La DGRM afirma que se trataba de "una situación de incendio a bordo, habiendo rescatado el buque de bandera portuguesa primero a tres personas, que ya estaban a bordo de la balsa salvavidas" y más tarde a otras cuatro, que habían abandonado la embarcación.

"Los siete ocupantes, que formaban la tripulación del buque en dificultades, fueron recogidos con seguridad a bordo del buque 'Nordrubicon'", dice el comunicado.

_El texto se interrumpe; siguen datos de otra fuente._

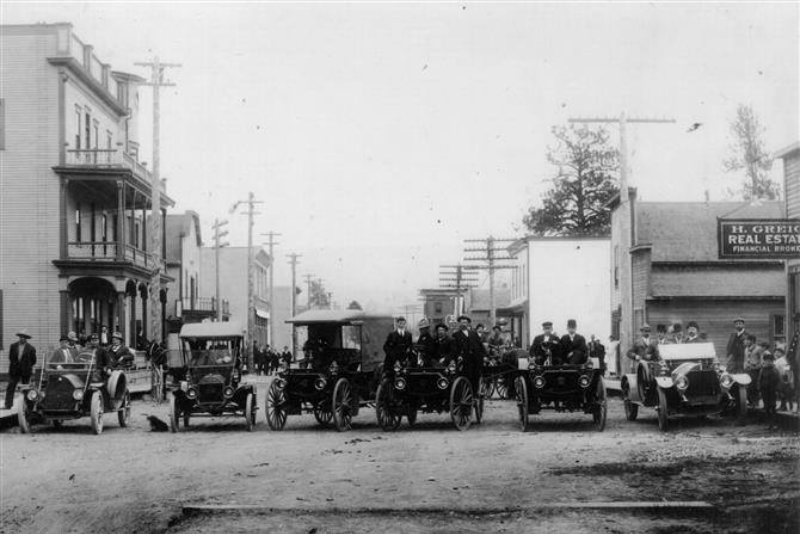 Early automobiles on a Merritt street, historic photograph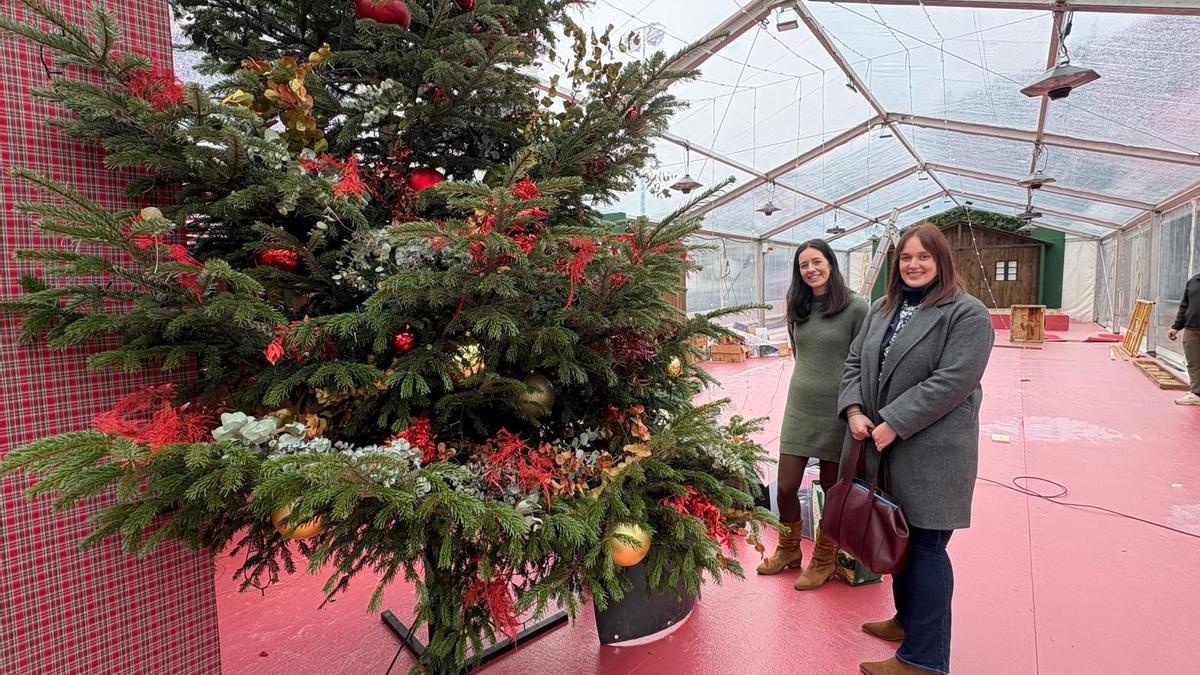 La coordinadora del área de Cultura, Noelia Rodríguez, y la concejala, Tania Rodríguez, en la carpa navideña de la plaza La Oliva.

El segundo episodio tuvo lugar por la tarde, también del 10 de noviembre, al sur de Portugal, a unas 50 millas al sur de Vila Real de Santo António, con el buque de bandera portuguesa 'Perseus' detectando una pequeña embarcación de madera con 37 personas a bordo y dando la alerta a las autoridades portuguesas.

La DGRM indica que "el buque de bandera portuguesa prestó la asistencia necesaria hasta la llegada de la marina portuguesa" y las 37 personas fueron rescatadas y llevadas sanas y salvas al puerto de Portimão.

En ambos casos, los dos barcos del Registro Marítimo Internacional de Madeira fueron los más cercanos a las embarcaciones que necesitaban asistencia.

"Como era su deber, en virtud de la Convención de las Naciones Unidas sobre el Derecho del Mar, prestaron la asistencia necesaria y las 44 personas fueron rescatadas sanas y salvas", dice la DGRM, añadiendo que "ya han dirigido el agradecimiento a los dos armadores, elogiando el esfuerzo y la excelente colaboración con las autoridades competentes para el socorro en el mar".